Nor do we know what Jacob thought.  His sons step up and take charge—and behind their father’s back, as we shall see. They told Hamor and Shechem they could not intermarry with the people of the city unless all the men were circumcised. This was acceptable to Hamor and Shechem and they broached the men of the city of Shechem with the idea. Hamor sweetens the pot a little by saying, “Will not their livestock, their property, and every animal of theirs be ours? Only let us consent to them, and they will dwell with us” (v. 23). There wasn’t really any reason why the men of Shechem should agree to being circumcised; after all, Jacob and his family had lived in the area for several years now. But the possibility of gaining some of Jacob’s wealth for their own was sufficient to convince the men to be circumcised. So they were (v. 24).

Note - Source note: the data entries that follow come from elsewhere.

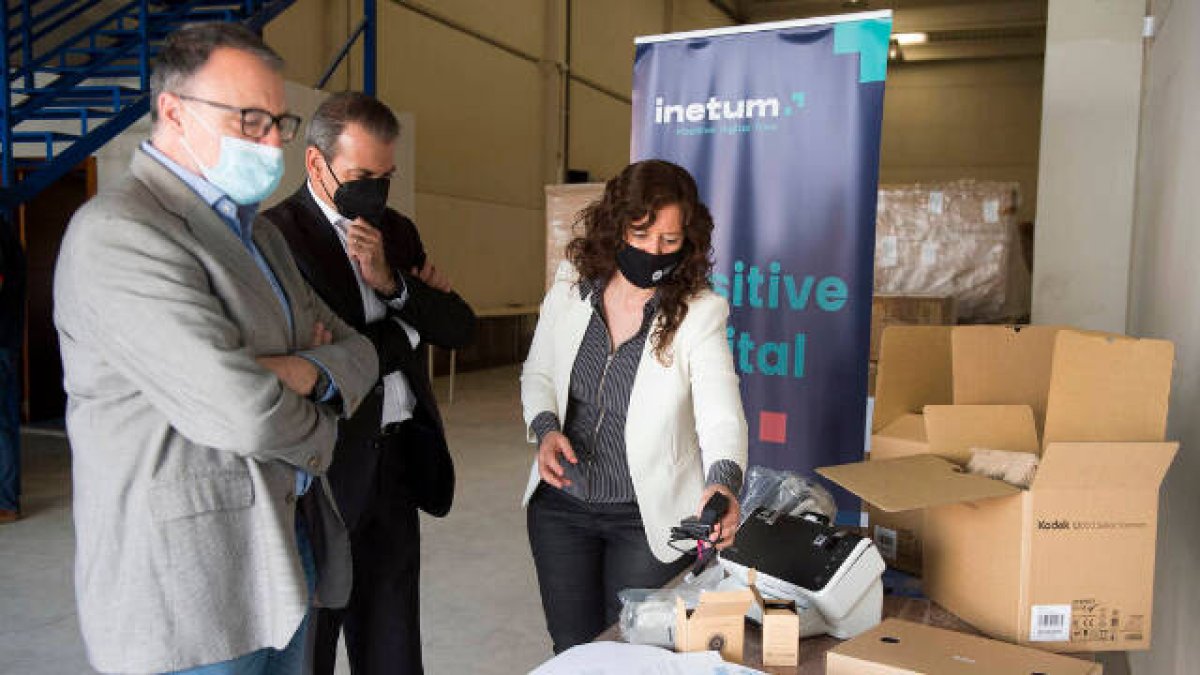 La Diputació de València repartirá 1.500 webcams entre los ayuntamientos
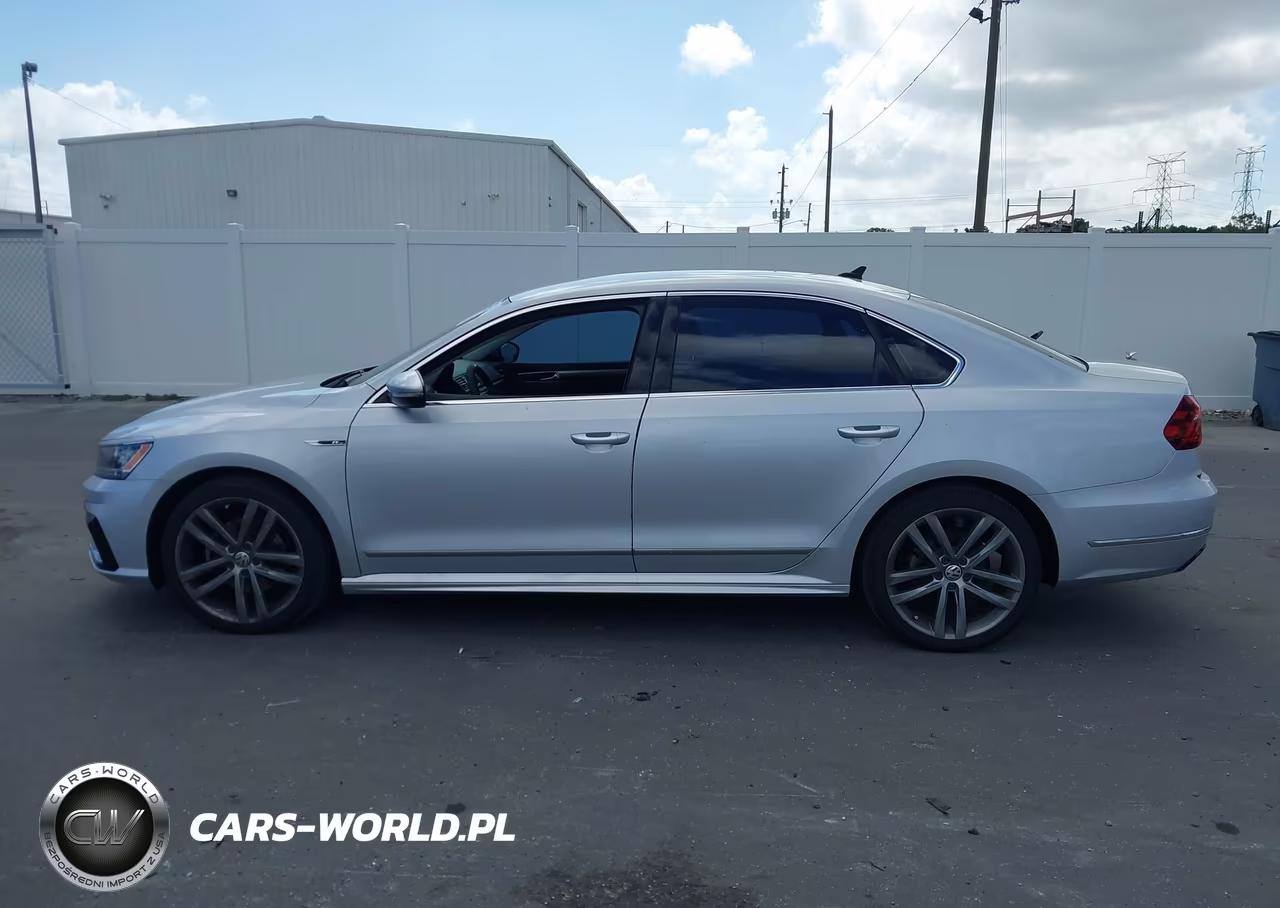 2017 Volkswagen Passat 1.8T R-Line VIN:1VWDT7A36HC068403 - 14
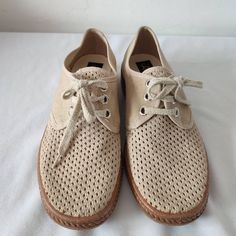 1960s 70s Vintage Ecru Natural Perforated Cotton Gummed Sole Lace Ups Shoes.  Size 7. (Men's) Cotton with Gummed Rubber Sole  The overall condition is very good considering their age, with marks/scuff as pictured. Shoes Heels Wedges, 70s Vintage, Shoes Uk, Mens Oxfords, Hush Puppies, Lace Up Shoes, Wedge Heels, Vintage Men, Rubber Sole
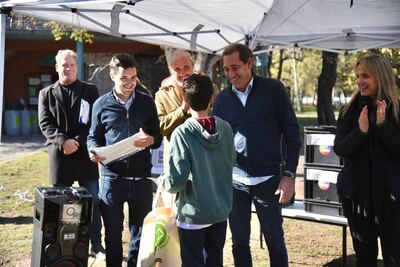 La Plata: Entregaron composteras a escuelas en el Día Mundial del Ambiente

The murder of the men of Shechem (vs. 25-31)—But Jacob’s sons were not serious in this agreement made with Hamor and Shechem. On the third day after the circumcision, when the men of the city were virtually helpless with pain and recovery, Simeon and Levi entered into the city “and killed all the males” (v. 25). “They killed Hamor and Shechem his son with the edge of the sword, and took Dinah from Shechem's house” (v. 26); they “plundered the city," (v. 27), and “took their sheep, their oxen, and their donkeys, what was in the city and what was in the field, and all their wealth. All their little ones and their wives they took captive; and they plundered even all that was in the houses” (vs. 28-29). This was atrocious, of course, and Jacob knew it: He said to Simeon and Levi, "’You have troubled me by making me obnoxious among the inhabitants of the land, among the Canaanites and the Perizzites; and since I am few in number, they will gather themselves together against me and kill me. I shall be destroyed, my household and I’" (v. 30). The only excuse Simeon and Levi gave was “’Should he treat our sister like a harlot?'" (v. 31). What Shechem did was no doubt wrong and totally inexcusable; he probably could have had Dinah if he had just controlled himself and asked. But rape doesn’t justify lying, wholesale murder, theft, kidnapping, and enslavement. As noted, we will see further examples of the utter depravity and wickedness of Jacob’s sons. Whether he was just a lousy father, or whether this was some of the fruit of polygamy, we do not know. Perhaps a bit of both. We do know that he favored Rachel’s children (Joseph and Benjamin) and that’s going to lead to disagreeable consequences as well.